En 2021, le Vietnam a exporté pour 2,87 milliards de dollars de riz et la Thaïlande pour 3,3 milliards de dollars. L’Inde a été leur principal rival mondial sur le marché de l’exportation du riz, de sorte que la décision de New Delhi de réduire les exportations de riz pourrait en fait créer des opportunités pour conquérir une plus grande part du marché. Avec moins de riz indien sur le marché, nous nous attendrions à ce que le prix du riz thaïlandais et vietnamien exporté augmente.
L’astuce consistera à assurer un équilibre suffisant entre l’offre intérieure et les excédents destinés à l’exportation. Lorsque le riz se fait rare, cela peut fausser l’équilibre, car les exportateurs préféreraient chasser les profits sur les marchés mondiaux. Le Vietnam a indiqué qu’à l’avenir, il accordera la priorité à l’approvisionnement intérieur en riz et commencera à réduire ses exportations au fil du temps. Tout cela signifie qu’il y a de fortes chances que les exportations de riz thaïlandais s’accaparent une plus grande part du marché.

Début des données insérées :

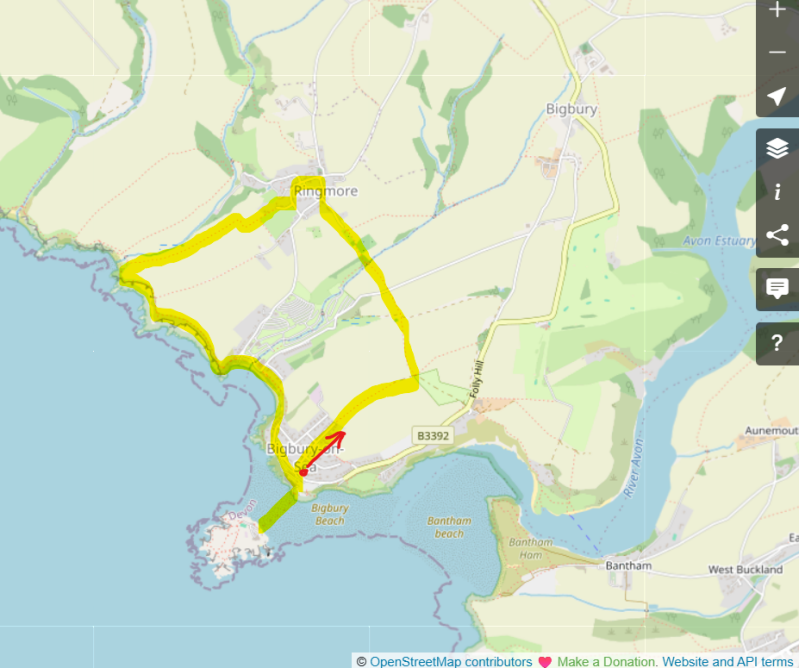 Route Map_The Pilchard Inn Pub Walk_Bigbury-on-Sea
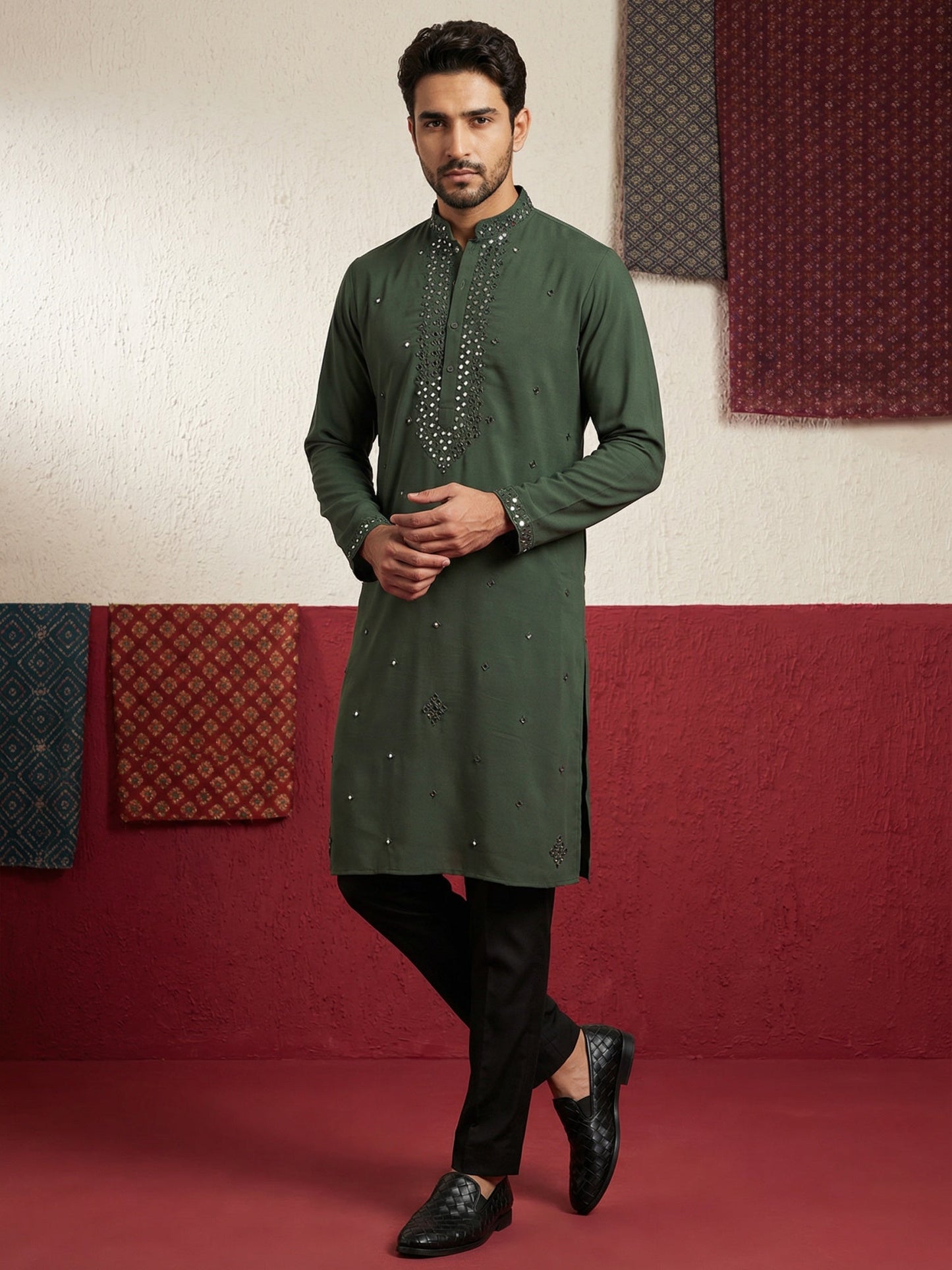 Japanese Fabric & Mirror Work Kurta Set ( 65KP B-P 5500Olive S )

Les Philippines sont le plus grand importateur de riz d’Asie du Sud-Est, avec des importations atteignant environ 1,3 milliard de dollars en 2021. L’année dernière, les Philippines ont importé 3,7 millions de tonnes de riz et en importeront probablement plusieurs millions cette année. La bonne nouvelle est que les Philippines importent la majeure partie de leur riz du Vietnam et relativement peu de l’Inde. L’interdiction d’exportation de l’Inde entraînera probablement une augmentation du prix du riz importé, ce qui n’est pas très bon pour les Philippines, car cela permet de maîtriser l’un des taux d’inflation les plus élevés de la région. Mais dans l’immédiat, l’exposition directe des Philippines au riz indien n’est pas si importante et il existe d’autres gros exportateurs à proximité qui peuvent prendre le relais.
Dans l’ensemble, l’interdiction d’exporter du riz en Inde montre à quel point l’économie mondiale a changé ces dernières années. Le libre-échange sans entrave cède la place au nationalisme économique de manière assez directe. Nous l’avons vu avec la montée de la politique industrielle dans des endroits improbables comme les États-Unis, et nous le voyons dans des marchés émergents de plus en plus affirmés qui n’ont pas peur d’utiliser des interdictions d’exportation sur des produits de base importants s’ils pensent que c’est dans leur intérêt national .
L’interdiction des exportations de riz par l’Inde fait écho à la décision de l’Indonésie d’interdire les exportations d’huile de palme et de charbon alors que l’offre intérieure s’épuisait. Il est clair que l’intérêt national l’emportera sur les engagements idéologiques en faveur du libre-échange, même si cela signifie priver les marchés mondiaux d’un bien de base comme le riz, et il est probable que ces formes de politique économique deviendront plus courantes dans les années à venir. Qu’on le veuille ou non, c’est le monde dans lequel nous vivons et les gouvernements, les décideurs et les entreprises devraient s’y habituer.